Required work:
Return only that part of the material below which starts with the line containing "Solved Solve for" and goes on through the line containing "DDA Line Generation Algorithm Example", restated exactly.

━━━━━ Supplied material ━━━━━

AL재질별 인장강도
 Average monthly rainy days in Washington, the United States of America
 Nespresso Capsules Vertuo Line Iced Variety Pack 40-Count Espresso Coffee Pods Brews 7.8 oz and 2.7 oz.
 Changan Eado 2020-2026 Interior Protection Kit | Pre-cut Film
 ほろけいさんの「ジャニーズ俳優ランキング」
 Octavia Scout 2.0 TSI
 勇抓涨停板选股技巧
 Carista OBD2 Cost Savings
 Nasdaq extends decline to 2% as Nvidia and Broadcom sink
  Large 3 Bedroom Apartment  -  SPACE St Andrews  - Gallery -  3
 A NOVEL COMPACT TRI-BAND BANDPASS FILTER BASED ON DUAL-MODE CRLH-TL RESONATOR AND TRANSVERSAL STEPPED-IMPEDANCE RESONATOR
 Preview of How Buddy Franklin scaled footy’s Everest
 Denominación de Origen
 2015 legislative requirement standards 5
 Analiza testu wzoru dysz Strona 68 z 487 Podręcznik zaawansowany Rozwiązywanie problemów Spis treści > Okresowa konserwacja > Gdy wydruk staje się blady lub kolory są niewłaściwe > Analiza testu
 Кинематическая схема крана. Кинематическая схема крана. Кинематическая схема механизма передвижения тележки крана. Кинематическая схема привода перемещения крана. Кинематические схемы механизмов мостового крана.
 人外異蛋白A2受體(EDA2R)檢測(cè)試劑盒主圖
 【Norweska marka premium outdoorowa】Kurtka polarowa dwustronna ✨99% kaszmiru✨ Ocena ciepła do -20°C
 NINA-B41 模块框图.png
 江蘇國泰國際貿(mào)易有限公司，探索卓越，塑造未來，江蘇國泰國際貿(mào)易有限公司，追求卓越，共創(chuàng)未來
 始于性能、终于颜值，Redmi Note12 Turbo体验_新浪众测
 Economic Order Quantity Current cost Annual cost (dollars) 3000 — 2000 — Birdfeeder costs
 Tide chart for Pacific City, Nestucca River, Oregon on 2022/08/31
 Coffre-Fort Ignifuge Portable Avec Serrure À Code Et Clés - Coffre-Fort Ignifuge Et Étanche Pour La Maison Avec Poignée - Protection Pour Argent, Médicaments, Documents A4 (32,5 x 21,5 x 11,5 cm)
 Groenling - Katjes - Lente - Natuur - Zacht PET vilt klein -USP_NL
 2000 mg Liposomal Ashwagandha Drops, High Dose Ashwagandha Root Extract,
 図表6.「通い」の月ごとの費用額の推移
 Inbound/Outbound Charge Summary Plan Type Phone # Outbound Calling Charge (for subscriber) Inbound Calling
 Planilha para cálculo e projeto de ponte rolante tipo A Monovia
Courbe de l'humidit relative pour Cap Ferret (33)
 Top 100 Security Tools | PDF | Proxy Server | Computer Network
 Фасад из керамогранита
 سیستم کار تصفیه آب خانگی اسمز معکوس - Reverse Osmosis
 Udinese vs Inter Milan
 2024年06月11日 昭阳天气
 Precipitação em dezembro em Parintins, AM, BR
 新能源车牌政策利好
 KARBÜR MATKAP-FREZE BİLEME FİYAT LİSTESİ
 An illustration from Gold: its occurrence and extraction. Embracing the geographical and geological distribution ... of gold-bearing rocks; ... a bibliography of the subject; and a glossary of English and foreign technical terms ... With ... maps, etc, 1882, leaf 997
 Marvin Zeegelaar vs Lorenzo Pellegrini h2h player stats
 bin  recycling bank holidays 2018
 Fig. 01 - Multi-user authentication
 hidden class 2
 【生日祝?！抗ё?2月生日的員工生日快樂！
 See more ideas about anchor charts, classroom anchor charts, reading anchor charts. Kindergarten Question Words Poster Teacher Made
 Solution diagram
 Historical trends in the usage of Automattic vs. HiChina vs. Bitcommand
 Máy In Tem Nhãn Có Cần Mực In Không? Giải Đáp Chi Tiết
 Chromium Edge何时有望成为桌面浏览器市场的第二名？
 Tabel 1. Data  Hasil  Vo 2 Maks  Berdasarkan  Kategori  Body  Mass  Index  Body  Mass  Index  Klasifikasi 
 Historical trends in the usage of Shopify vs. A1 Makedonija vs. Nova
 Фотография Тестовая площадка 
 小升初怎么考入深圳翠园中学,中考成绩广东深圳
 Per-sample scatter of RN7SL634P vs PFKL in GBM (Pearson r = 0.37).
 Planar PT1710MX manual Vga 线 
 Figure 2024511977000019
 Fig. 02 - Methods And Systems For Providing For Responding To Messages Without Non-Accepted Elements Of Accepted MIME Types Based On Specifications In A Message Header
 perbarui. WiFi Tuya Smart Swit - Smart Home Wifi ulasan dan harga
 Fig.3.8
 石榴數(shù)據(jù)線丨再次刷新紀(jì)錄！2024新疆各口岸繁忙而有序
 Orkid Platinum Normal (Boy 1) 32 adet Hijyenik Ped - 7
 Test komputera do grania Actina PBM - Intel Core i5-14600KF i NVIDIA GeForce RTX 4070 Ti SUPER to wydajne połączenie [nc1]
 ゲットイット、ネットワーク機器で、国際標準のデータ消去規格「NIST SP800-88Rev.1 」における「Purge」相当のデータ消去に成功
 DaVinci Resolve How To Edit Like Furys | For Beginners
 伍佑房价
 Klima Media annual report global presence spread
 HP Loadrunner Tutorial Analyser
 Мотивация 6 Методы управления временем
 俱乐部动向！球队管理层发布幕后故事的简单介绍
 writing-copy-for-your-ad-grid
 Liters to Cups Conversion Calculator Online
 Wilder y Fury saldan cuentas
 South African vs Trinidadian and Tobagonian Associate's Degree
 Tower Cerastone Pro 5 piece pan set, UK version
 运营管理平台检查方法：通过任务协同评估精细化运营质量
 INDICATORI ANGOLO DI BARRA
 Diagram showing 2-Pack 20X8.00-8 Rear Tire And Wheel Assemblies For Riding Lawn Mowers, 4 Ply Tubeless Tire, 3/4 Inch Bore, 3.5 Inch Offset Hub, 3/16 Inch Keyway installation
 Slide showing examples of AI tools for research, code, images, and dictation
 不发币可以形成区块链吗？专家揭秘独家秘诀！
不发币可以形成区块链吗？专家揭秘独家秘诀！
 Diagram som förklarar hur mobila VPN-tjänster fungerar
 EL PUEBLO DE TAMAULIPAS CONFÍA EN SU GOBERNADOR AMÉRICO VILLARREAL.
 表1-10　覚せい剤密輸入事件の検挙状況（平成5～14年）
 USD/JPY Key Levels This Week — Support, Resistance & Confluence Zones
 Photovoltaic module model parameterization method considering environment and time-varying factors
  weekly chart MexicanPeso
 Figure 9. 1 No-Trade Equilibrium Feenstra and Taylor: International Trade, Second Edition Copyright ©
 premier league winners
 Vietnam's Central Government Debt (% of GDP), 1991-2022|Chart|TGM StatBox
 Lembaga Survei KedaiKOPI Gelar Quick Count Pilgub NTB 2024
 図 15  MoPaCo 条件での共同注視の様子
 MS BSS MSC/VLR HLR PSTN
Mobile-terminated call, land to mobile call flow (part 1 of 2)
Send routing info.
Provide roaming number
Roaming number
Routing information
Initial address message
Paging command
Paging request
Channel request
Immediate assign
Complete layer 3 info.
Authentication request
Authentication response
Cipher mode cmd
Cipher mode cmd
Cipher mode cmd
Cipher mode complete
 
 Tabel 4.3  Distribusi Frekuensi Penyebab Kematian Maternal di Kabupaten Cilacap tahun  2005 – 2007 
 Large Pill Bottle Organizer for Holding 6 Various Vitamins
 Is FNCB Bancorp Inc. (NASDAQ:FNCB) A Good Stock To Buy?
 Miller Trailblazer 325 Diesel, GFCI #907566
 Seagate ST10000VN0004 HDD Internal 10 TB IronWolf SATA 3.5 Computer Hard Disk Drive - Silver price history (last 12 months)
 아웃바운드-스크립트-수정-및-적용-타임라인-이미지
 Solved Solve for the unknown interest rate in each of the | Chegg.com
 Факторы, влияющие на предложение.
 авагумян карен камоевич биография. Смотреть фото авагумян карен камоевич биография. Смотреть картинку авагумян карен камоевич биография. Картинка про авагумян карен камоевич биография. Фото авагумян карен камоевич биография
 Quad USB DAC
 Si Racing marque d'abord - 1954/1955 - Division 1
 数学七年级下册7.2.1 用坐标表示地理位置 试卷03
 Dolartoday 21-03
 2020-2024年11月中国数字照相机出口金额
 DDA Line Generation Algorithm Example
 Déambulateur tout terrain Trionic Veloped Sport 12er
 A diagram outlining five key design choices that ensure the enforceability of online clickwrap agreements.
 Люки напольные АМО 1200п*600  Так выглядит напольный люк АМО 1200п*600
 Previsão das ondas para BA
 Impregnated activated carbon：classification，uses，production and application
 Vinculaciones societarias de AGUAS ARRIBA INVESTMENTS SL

━━━━━

Response box:
 Solved Solve for the unknown interest rate in each of the | Chegg.com
 Факторы, влияющие на предложение.
 авагумян карен камоевич биография. Смотреть фото авагумян карен камоевич биография. Смотреть картинку авагумян карен камоевич биография. Картинка про авагумян карен камоевич биография. Фото авагумян карен камоевич биография
 Quad USB DAC
 Si Racing marque d'abord - 1954/1955 - Division 1
 数学七年级下册7.2.1 用坐标表示地理位置 试卷03
 Dolartoday 21-03
 2020-2024年11月中国数字照相机出口金额
 DDA Line Generation Algorithm Example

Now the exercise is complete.